In BIM use (4), the authors highlight the potential of the BIM approach to increase the use of more sophisticated design methodologies on the ground, especially for seismic risk assessments (e.g., PBEE, damage analyses). These consider non-structural (and, therefore, multidisciplinary) elements in the structural design phase, and thus struggle to be adopted in (traditional) current practice, because these analyses can be complex, expensive, and time-consuming. Research is focusing on developing simplified procedures for seismic risk assessments that can exploit information models to extract inputs for analyses and present results effectively. Such methodologies would be particularly valuable in countries such as Italy, where there are territories with high seismic activity, and where both public and private clients may start to demand better structural performances than those guaranteed by the current building code. Further research is, however, required to define a (or an expanded) reference BIM-based workflow.
In BIM use (5), the authors demonstrate that the BIM approach can be used in existing structures in relation to the assessment of structural performance, the (optimised) design of structural retrofits, and knowledge management. Intentionally, the authors have first underlined a substantial difference between this case and the use of BIM in new structures, as well as the absence of the information models produced in the preliminary design phase for new buildings and, therefore, the requirement to create models starting with surveys of real assets and studies of corresponding 2D documentation, which may be unreliable or unavailable for both the design and construction phases (e.g., a requirement to deposit documentation with building regulatory authorities was only enforced in Italy in 1971). Nevertheless, the authors provide a workflow that applies to undamaged existing structures, which is a common scenario, but existing structures that have sustained damage must also be considered in the future. In 2019, Musella et al. [82] have conducted preliminary research on using a combination of BIM and AI to assess seismic damage in post-earthquake scenarios through image processing.
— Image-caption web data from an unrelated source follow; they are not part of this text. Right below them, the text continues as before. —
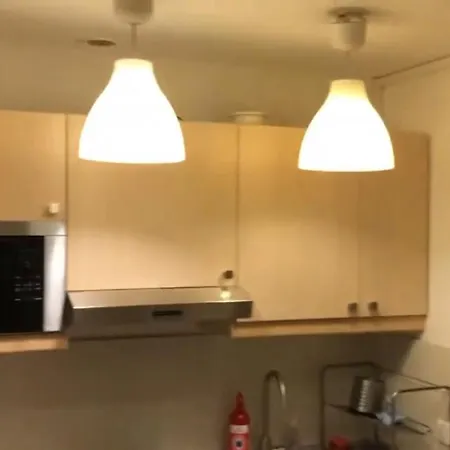 Wygoda Cozy Apartman Krakkó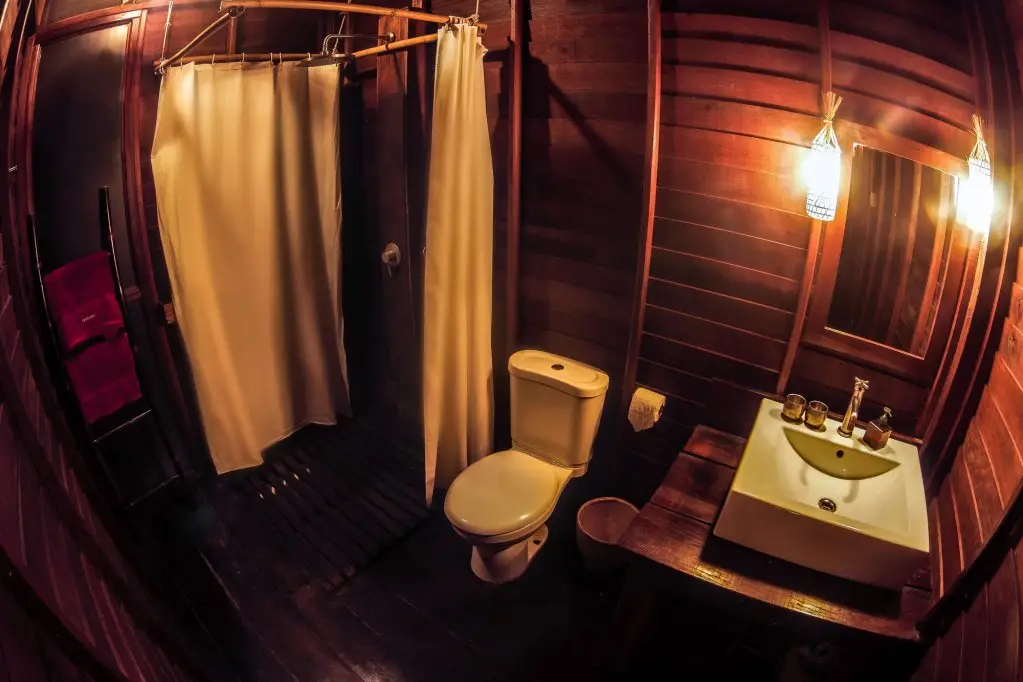 Castaway Resort Koh Lipe — фото 1
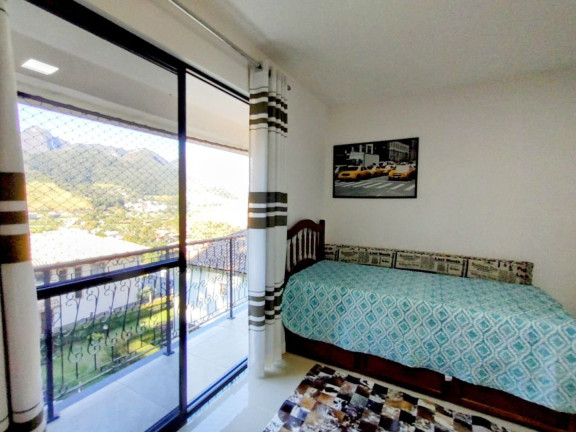 Imagem Casa com 4 Quartos à Venda, 160 m² em Vargem Grande - Teresópolis Imagem Casa com 4 Quartos à Venda, 160 m² em Vargem Grande - Teresópolis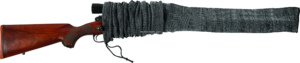 Allen Gun Sock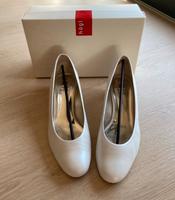 Brautschuhe Högl Größe 42 Bayern - Pfreimd Vorschau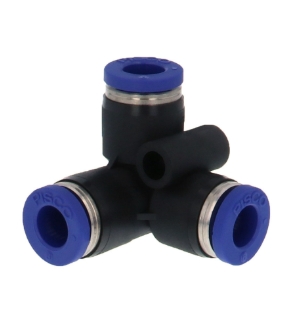 微信截圖_20250512091821.jpg 微信截圖_20250512091821.jpg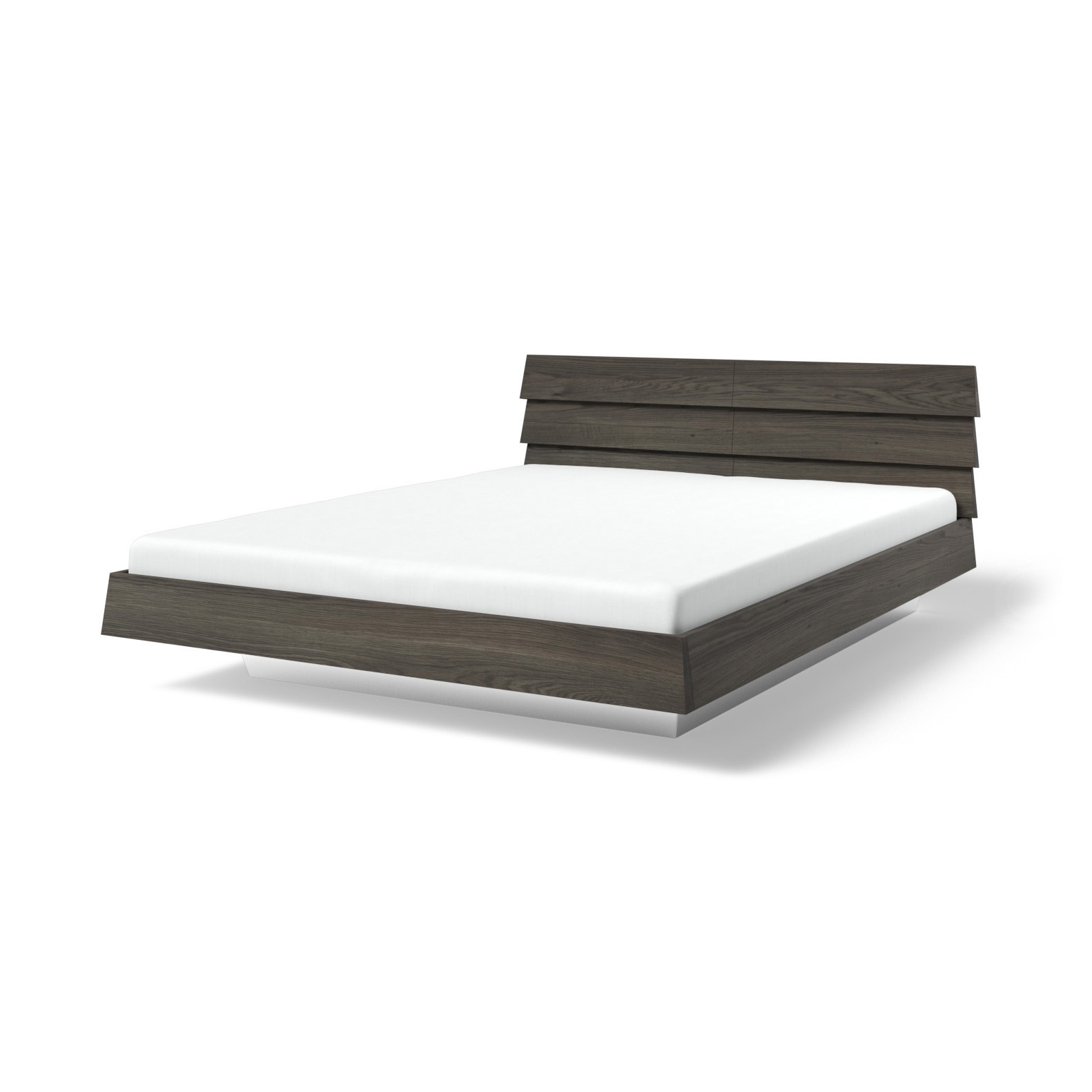 Tatran | Bed TTB160C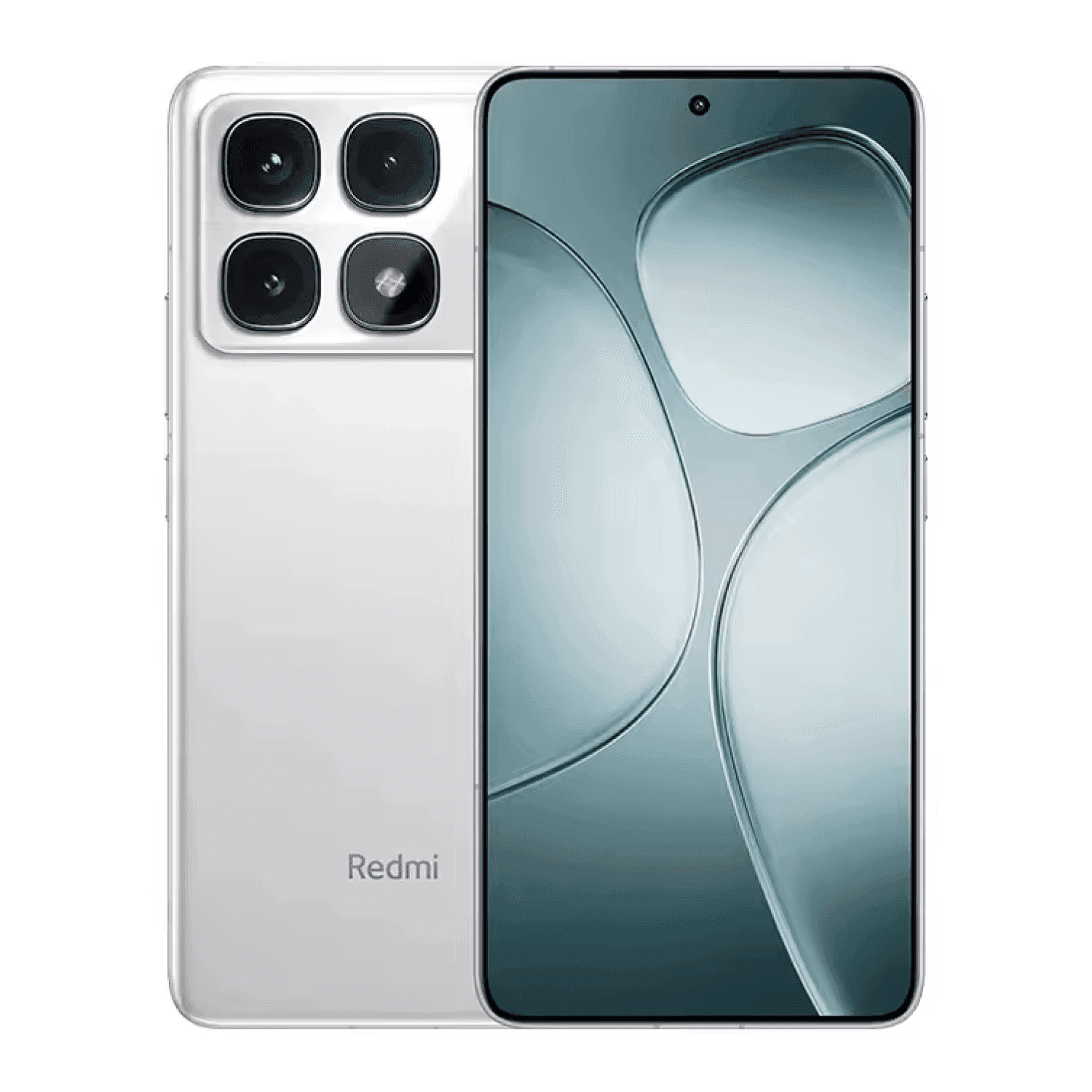 REDMI K70 ULTRA 5G SPECIFICATION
However, further work is necessary in this regard, as well as with respect to the development of frameworks that combine collaboration platforms and information models to create central databases for organizing, retrieving, and managing data relating to in-situ tests and inspections.
Finally, BIM use (6), which refers to the operation and maintenance phase of structures, is extremely sectoral, but can, at the same time, also represent a stand-alone design objective. As seen in the analysis in Table 2, the applications of the BIM approach to SHM mainly concern bridges, which are infrastructures where the structural engineering discipline is dominant. The interest of the scientific community in the combined use of BIM and SHM is very recent, which is particularly demonstrated by the high number of conference proceedings among the publications identified. However, the topic is more complex than the other BIM uses, requiring the evaluation of strategies for integrating tools to conduct monitoring (briefly referred to as the internet of things (IoT)), update information models, and provide input data for SHM.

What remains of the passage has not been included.